Mumsnet has not checked the qualifications of anyone posting here. If you need help urgently or expert advice, please see our domestic violence webguide and/or relationships webguide. Many Mumsnetters experiencing domestic abuse have found this thread helpful: Listen up, everybody

My best friend is really unhappy with me

116 replies

shiningcuckoo · 27/06/2021 12:51

What it says in the title really. And she's sent me various messages about how she thought we were friends and I've let her down and so on. I've apologized a multitude of times, but she first of all continued to send hurt messages and is now ignoring me.

The story is that I have cancer which will kill me in 18 months without treatment. I have two teenagers and a useless ex. I am having a massive surgery this week at a hospital that specializes in this kind of surgery. I had a similar although less major surgery a couple of years ago. Last time my friend came with me, stayed in accommodation paid for by a charity and then travelled back with me. On our way back she was dropped off at her place and I carried on to my home, about an hour and a half further down the road.

I should add that I don't have a partner. My husband left me a few years ago for an OW. For the last surgery my children stayed with him.

This time my friend has just started a new job and she said at the beginning that it would be very very difficult to come with me again. Which I completely understand. I started to make some arrangements with other friends about bringing me home at least.

She then decided that she would come. I talked her out of coming for the actual surgery because I'm concerned about her missing work, but I said I'd love her to come and see me for the weekend at the her hospital when she's not at work. In any event I'll be in ICU right after the surgery and won't be conscious.

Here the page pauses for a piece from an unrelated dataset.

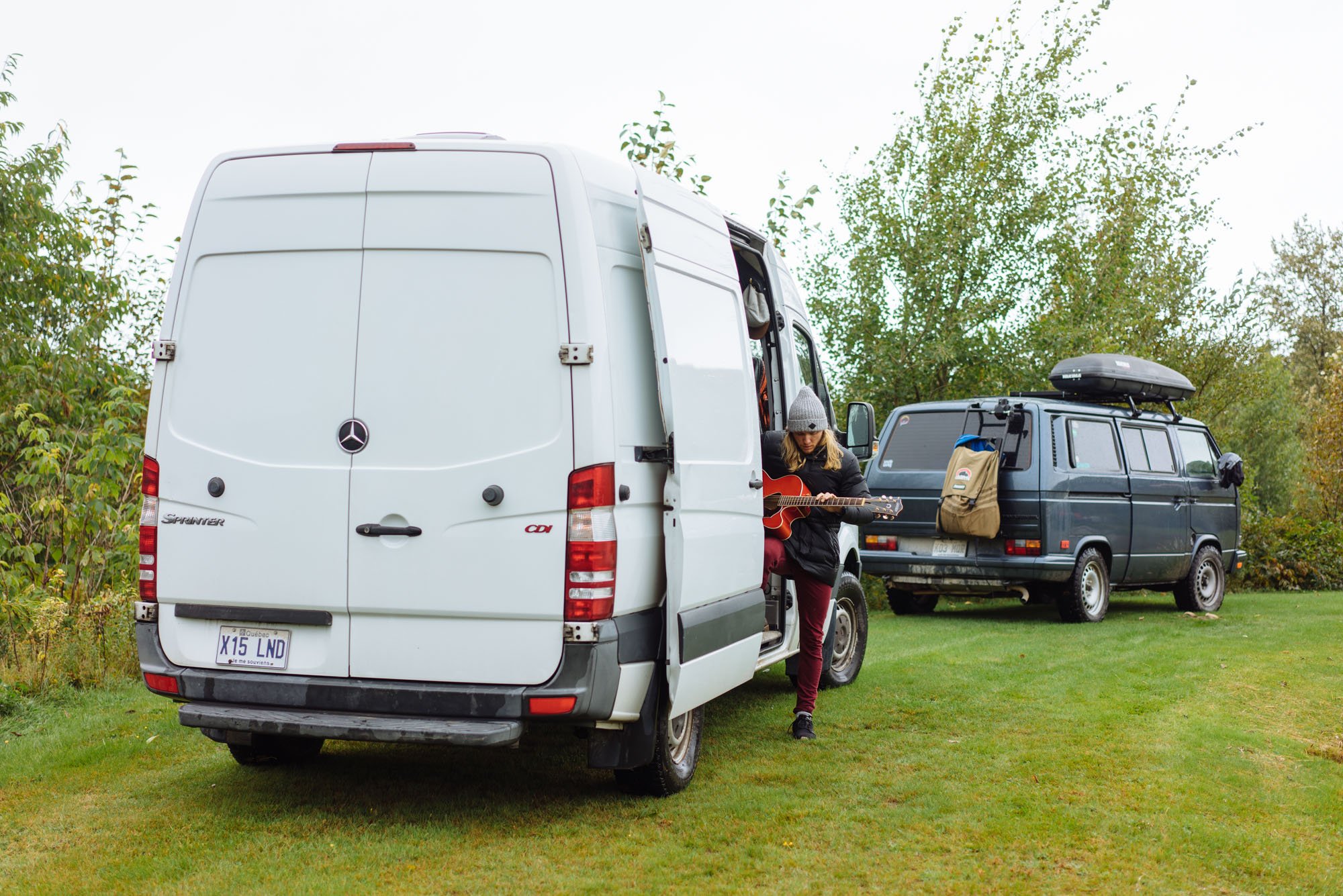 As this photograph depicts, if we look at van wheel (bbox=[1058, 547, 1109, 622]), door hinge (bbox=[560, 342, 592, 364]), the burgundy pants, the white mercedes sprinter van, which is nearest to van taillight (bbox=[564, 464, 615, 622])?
the white mercedes sprinter van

However this time I'm unable to get any funded accommodation for a support person as the rules have changed. Last week my friend messaged me to say that it seems like there is a shortage of accommodation that is affordable for the weekend. I said that if that meant she couldn't come then I understood and maybe she could come and help me at home later on. She said she'd keep on looking and I've heard nothing.

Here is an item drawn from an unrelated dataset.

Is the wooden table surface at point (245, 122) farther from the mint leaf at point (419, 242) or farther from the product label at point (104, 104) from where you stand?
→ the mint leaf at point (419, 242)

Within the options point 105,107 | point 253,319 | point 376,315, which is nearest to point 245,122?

In the meantime I've been approached by a newish friend whose mum lives in the city where my surgery is happening. She said that she'd love to come with me, has time off and can see and stay with her mum. It all seemed so easy. No work problems nor accommodation problems and so I agreed. A day later I told another friend that was my plan. The other friend said that she wanted to try and sort out some practical stuff for me and she was planning to organize a group chat, mainly for my workmates. So she set this up and mentioned my plan to travel down with the newish mum visiting friend.

Now my best friend has completely exploded on me with a series of messages. She was included in the group chat (a surprise to me as I thought this was going to workmates who are local to me) and is really hurt about receiving a generic message about local plans to help me, about my friends tone in the message and about the fact that the newish friend is coming with me.

Certainly I should have told her about the newish friend but in my defence I am Somewhat overwhelmed and I honestly thought that I was causing my best friend problems with taking time off work and money for accommodation. My newish friend is sorted with these things.

So I have tried to explain and I have apologised profusely but she won't have a bar of it. The more I try and explain, the more it sounds like an excuse. And now she is ignoring me.

I'm so upset. I didn't mean to hurt her and she means a lot to me. I'm only just about holding things together anyway and I can feel the cracks starting.

I'm not in the UK so there are no issues about people being on the hospital and visiting me.

I just don't know how to make things right in a way that doesn't come across as a load of excuses.

OP posts:
ChargingBuck · 27/06/2021 14:48

she won't accept it and keeps coming back to how upset she is about receiving a generic message from someone who is a stranger to her.

She can get to fuck.
How about how upsetting it is to have a cancer diagnosis, & have to manage manipulative, selfish 'friends' while you are planning the arrangements for your treatment?

Sorry OP, this is your friend of 20 years that I am being rude about, but no matter how much support she gave you previously with the life events you mentioned, I'm sure you gave back equally.
It's pretty obvious from your posts how much care & concern you are putting into her feelings.
But she's not just not considering you - she's actively causing you grief.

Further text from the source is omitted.